Interview mit dem Dirigenten Christian Vásquez
Mitte der 1970er Jahre hatte José Antonio Abreu eine Vision: Er gründete „El Sistema“, ein System von Kinder- und Jugendorchestern mit inzwischen 300<TH>000 Mitgliedern, um Kindern aus notleidenden Familien eine Alternative zum Leben auf der Straße zu geben. Heute gastiert das Teresa Carreno Youth Orchestra of Venezuela unter Christian Vásquez zum ersten Mal in München.
AZ: Herr Vásquez, wer ist oder war eigentlich Teresa Carreno, die Namenspatronin des Orchesters?

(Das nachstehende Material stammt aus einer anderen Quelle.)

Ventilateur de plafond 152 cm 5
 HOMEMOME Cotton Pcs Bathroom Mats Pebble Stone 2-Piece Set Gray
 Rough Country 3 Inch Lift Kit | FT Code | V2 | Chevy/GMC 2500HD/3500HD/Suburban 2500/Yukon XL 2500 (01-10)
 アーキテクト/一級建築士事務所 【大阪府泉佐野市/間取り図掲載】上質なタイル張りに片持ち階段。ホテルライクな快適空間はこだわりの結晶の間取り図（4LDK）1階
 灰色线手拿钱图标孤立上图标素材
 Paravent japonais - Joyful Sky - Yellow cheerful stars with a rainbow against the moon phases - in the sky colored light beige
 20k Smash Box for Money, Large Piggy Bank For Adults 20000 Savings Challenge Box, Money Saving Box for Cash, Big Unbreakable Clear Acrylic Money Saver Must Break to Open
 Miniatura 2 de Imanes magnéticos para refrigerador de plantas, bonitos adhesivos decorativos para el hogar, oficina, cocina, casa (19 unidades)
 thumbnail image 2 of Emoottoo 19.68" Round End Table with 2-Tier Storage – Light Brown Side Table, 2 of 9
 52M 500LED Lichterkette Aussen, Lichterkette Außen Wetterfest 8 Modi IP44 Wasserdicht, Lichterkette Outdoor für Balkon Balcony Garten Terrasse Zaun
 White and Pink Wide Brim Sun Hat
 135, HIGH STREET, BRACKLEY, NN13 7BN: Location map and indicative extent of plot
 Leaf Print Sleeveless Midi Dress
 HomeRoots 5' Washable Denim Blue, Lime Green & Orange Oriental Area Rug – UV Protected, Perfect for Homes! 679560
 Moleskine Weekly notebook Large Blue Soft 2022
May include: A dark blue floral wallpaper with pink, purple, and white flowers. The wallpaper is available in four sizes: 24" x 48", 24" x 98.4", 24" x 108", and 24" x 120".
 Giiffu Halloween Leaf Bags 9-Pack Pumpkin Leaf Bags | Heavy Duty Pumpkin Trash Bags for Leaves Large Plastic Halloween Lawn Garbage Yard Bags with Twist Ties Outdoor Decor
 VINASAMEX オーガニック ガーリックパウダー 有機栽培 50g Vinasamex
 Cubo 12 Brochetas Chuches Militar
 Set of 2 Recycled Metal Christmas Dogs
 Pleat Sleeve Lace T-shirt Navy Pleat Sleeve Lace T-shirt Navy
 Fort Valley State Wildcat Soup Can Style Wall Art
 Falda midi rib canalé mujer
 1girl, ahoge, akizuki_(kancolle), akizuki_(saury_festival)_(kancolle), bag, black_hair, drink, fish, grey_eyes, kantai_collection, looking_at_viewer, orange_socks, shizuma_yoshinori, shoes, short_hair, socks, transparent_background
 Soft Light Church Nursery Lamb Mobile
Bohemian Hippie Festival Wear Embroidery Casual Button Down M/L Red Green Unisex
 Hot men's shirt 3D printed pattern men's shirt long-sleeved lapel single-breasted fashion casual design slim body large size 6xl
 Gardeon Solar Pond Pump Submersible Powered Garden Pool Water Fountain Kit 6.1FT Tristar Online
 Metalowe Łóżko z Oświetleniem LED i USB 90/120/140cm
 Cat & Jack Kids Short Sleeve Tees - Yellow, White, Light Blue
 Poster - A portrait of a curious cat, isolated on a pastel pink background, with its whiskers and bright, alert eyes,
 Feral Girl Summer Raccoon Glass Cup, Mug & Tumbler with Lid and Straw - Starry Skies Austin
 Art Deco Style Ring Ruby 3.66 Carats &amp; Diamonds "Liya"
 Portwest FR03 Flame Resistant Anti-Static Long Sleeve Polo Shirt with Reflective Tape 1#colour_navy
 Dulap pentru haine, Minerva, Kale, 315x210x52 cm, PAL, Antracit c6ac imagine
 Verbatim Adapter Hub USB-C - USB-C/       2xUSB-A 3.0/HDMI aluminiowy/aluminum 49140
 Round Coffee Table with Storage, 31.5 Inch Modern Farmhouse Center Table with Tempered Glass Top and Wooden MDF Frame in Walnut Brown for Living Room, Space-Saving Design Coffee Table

CHRISTIAN VASQUEZ: Die Tochter eines venezolanischen Pianisten galt zu ihrer Zeit als „Walküre des Klaviers“. Sie war eine berühmte Pianistin. In dritter Ehe war sie ab 1892 bis Oktober 1895 mit dem deutschen Komponisten Eugen d’Albert verheiratet, mit dem sie in ihrer „Villa Teresa“ im sächsischen Coswig lebte.
Viele Konzertbesucher haben schon von Gustavo Dudamel und dem Simon-Bolivar-Jugendorchester gehört. Was hat Ihr Orchester damit zu tun?
Wir sind der jüngere Bruder. Ich habe bis 2009 als Geiger im Simon-Bolivar-Orchester gespielt. Es hat sich mittlerweile von einem Jugendorchester zu einem professionellen Klangkörper weiterentwickelt. Mein Orchester hat das gleiche Ziel. Dann wird auch in ein paar Jahren einmal das Wort „Youth“ im Namen wegfallen.
Wie wurden Sie Dirigent?
Ich war neun Jahre Geiger im San Sebastian de los Reyes es Symphony Orchestra. Einmal hat mich der Dirigent gebeten, vor einem Konzert die Nationalhymne zu dirigieren. So hat es angefangen. Später studierte ich bei Antonio Abreu, seit 2013 bin ich Chef des Symphonieorchesters im norwegischen Stavanger.
Was spielen Sie in München?
Wir beginnen mit dem „Don Juan“ von Richard Strauss. Es ist eine große Ehre für uns, dieses Stück in der Geburtsstadt des Komponisten zu spielen. Tschaikowskys Musik spielt in den Programmen der venezolanischen Jugendorchester eine große Rolle. Deshalb die Symphonie Nr. 6, die „Pathétique“. Manuel de Fallas „Dreispitz“ steht für die spanischen Wurzeln unserer Kultur.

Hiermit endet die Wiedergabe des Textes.